Alexey · March 6, 2022, 2:06pm

I do not think it is related to a new version, more like to a more repair traffic. And now your setup cannot keep up. Maybe some minor hardware issues like oxidation of cable contacts.
I would ask again - how your disks are connected to these storagenodes?

Ruskiem · March 6, 2022, 2:14pm

HDD is connected via sata cable to motherboard. Its a normal home PCs.
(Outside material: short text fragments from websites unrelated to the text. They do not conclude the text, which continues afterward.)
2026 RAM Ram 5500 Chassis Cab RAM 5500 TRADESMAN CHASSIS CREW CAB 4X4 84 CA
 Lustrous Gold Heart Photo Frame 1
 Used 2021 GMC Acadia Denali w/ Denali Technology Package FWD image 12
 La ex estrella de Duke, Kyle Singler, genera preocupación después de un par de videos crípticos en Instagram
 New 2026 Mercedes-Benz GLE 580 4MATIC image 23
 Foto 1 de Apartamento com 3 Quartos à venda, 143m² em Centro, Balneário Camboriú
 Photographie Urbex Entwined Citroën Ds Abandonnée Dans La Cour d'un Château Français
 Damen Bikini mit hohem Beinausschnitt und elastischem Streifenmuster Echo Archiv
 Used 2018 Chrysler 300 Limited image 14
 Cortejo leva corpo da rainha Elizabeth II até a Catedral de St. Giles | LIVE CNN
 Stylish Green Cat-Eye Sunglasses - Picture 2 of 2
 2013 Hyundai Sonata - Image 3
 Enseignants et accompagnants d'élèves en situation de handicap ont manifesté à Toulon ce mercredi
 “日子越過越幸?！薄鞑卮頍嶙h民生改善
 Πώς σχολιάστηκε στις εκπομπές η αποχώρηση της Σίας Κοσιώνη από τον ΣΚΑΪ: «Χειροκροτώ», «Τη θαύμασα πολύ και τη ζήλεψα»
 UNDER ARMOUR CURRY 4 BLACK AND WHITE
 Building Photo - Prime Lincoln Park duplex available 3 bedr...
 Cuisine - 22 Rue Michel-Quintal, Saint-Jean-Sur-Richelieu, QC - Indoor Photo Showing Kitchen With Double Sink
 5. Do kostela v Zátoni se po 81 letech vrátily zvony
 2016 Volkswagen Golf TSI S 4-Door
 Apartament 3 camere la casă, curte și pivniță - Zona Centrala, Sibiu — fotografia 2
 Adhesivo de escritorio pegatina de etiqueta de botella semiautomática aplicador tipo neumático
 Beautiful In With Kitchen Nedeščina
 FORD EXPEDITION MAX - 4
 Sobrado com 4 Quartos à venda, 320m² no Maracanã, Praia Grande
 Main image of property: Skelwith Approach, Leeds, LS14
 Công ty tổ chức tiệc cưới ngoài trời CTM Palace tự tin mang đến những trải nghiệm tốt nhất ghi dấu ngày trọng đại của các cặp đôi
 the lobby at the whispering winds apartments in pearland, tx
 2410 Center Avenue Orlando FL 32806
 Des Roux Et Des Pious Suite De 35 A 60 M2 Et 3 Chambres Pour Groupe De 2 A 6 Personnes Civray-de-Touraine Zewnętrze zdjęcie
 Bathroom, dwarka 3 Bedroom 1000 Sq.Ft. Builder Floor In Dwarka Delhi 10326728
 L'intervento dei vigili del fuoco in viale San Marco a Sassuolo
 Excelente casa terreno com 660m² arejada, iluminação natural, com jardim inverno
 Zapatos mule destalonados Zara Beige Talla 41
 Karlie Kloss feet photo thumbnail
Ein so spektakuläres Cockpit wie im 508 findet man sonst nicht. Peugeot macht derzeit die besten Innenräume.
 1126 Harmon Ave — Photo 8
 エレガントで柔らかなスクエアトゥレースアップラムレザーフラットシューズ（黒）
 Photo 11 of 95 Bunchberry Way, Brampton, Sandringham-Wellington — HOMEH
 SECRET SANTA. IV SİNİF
Alexey · March 6, 2022, 2:16pm

Are they SMR?
How many nodes you run on each setup?

Ruskiem · March 6, 2022, 2:18pm

No, the hdds are ultrastars, no SMR problem in those. Those are 2 different physical PCs in that case i uploaded screens today. And Both had this problem today one at 01:06, and 2nd few hours later.

EDIT:
actually it was around the same time today 01:00 -02:00

Edit2:

the node dashboard shows no special peak in egress or ingress, (1GB repair/day and 2nd got 3-4GB repair /day last 2 days, so there is a peak over all in this month, but im not sure if it matters, because as i mentioned, i have this problem almost every day with some different node each time, i have few more nodes, on different machines as well so i dont know it its keeping up by my hardwere. The fact is they both get too big in memory.

1st is ver. 1.49.5
2nd is ver. 1.49.5 as well

im trying to thing, is theres a way the hdd cannot keep up, how to monitor that?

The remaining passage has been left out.